As 2013 draws to a close, it is not hard to find epitaphs for American hegemony. Perhaps the most recent and most articulate was Walter Russell Mead’s claim that the "Central Powers" — China, Iran, and Russia — were acting like an "Axis of Weevils," burrowing in and hollowing out the U.S.-created order that has been in place for decades.
Mead is not drawing this kind of conclusion from thin air. What he’s saying matches what many Americans and non-Americans believe. All of the public polling in 2013 confirms the trend: more people think the United States is less powerful than it used to be. More than ever, Americans want to focus on domestic problems and leave the rest of the world alone.
A quick glance at the 2013 headlines suggests that the Obama administration has been leading U.S. public opinion from behind. On Syria, for example, President Obama first came out in favor of using force against the Assad regime. As the American public made clear their strong aversion to that policy, the administration switched course twice, first seeking a congressional resolution and then accepting a deal that preserved the Bashar al-Assad regime. A single NSA contractor has wreaked havoc on U.S. intelligence capabilities, badly strained relations with Germany and Brazil, and tarnished America’s image abroad. And allies in Europe, the Middle East, and the Pacific Rim have grown exasperated with the Obama administration’s mangled foreign policy process. Everywhere, the United States seemed to be in retreat.
Meanwhile, America’s rivals have had an industrious 2013. China is busy buying access to the Caribbean, bullying its ASEAN neighbors, and expanding its air defense zones in the East China Sea. Vladimir Putin has done his darnedest to be a thorn in America’s side. He granted Edward Snowden asylum, bolstered Assad’s regime in Syria, and most importantly, coerced its allies in the near abroad to stay in Russia’s economic orbit. Meanwhile, Iran’s new president, Hassan Rouhani, has launched a public relations blitz designed to re-ingratiate the Islamic republic back into the good graces of the international community. At the same time, Tehran is ruthlessly prosecuting the war in Syria while launching cyberattacks in Saudi Arabia.

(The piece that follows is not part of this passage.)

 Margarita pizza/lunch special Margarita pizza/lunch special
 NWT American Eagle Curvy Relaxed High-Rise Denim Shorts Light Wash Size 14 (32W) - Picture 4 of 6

These sorts of trends tend to give U.S. strategists the heebie-jeebies. A staple of international relations thinking for decades has been that U.S. hegemony is the mainstay of global order. According to this "theory of hegemonic stability," peace and prosperity are only likely to persist when a liberal superpower is prepared to act to keep markets open and stamp out brewing conflict. If Mead or Robert Kagan are correct, then a United States that is both unwilling and unable to stabilize the rest of the world really should be a source of concern.

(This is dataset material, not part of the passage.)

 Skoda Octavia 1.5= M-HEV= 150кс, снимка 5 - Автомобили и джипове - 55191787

Here’s the thing, though: at the same time that commentators were bemoaning U.S. decline, the world was looking up. I suspect that ThinkProgress and Britain’s Spectator magazine would agree on very little in politics, but this month they both ran features pointing out something important: 2013 was "the best year in human history." Their data is incontrovertible. If you look at human development indicators, all of the key metrics — infant mortality, infectious diseases, per capital income — are trending in the right direction. By the end of 2013, the smallest fraction of the world’s population will be living in poverty. Both traditional and human security measures reveal the same trend. Whether it’s violent crime, discrimination, civil or interstate war, the aggregate data shows a more peaceable world. Or, as the Spectator put it: "Every day in every way, the world grows richer, safer and smarter." If you don’t believe political partisans, then buy Angus Deaton’s The Great Escape and you’ll discover the same message. Despite the post-2008 trend of predicting that the global order is crumbling and the world is going to hell, the opposite is transpiring.

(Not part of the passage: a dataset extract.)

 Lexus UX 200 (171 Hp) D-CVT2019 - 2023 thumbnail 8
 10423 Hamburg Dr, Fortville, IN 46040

How and why can this be happening when American power is on the wane? Those fearful of disorder have made two fundamental errors in judgment. First, they assume that China, Iran, and others want to rewrite the global rules of the game. Not so. To be sure, these countries want to preserve their sovereignty and expand their sphere of influence — and on these issues, they will clash with the United States. On the other hand, contra Mead, they will also clash with each other as well. Furthermore, Beijing, Moscow, and Tehran very much want to participate in the global economy. Indeed, the reason Rouhani is trying to negotiate a nuclear deal is to get Iran out from under the dead weight of crippling economic sanctions. And contra what everyone expected in the wake of the 2008 financial crisis, emerging markets are not eager to topple the existing global order. Indeed, the recent trade deal in Bali suggests that, if anything, they want to reinforce the existing rules of the game.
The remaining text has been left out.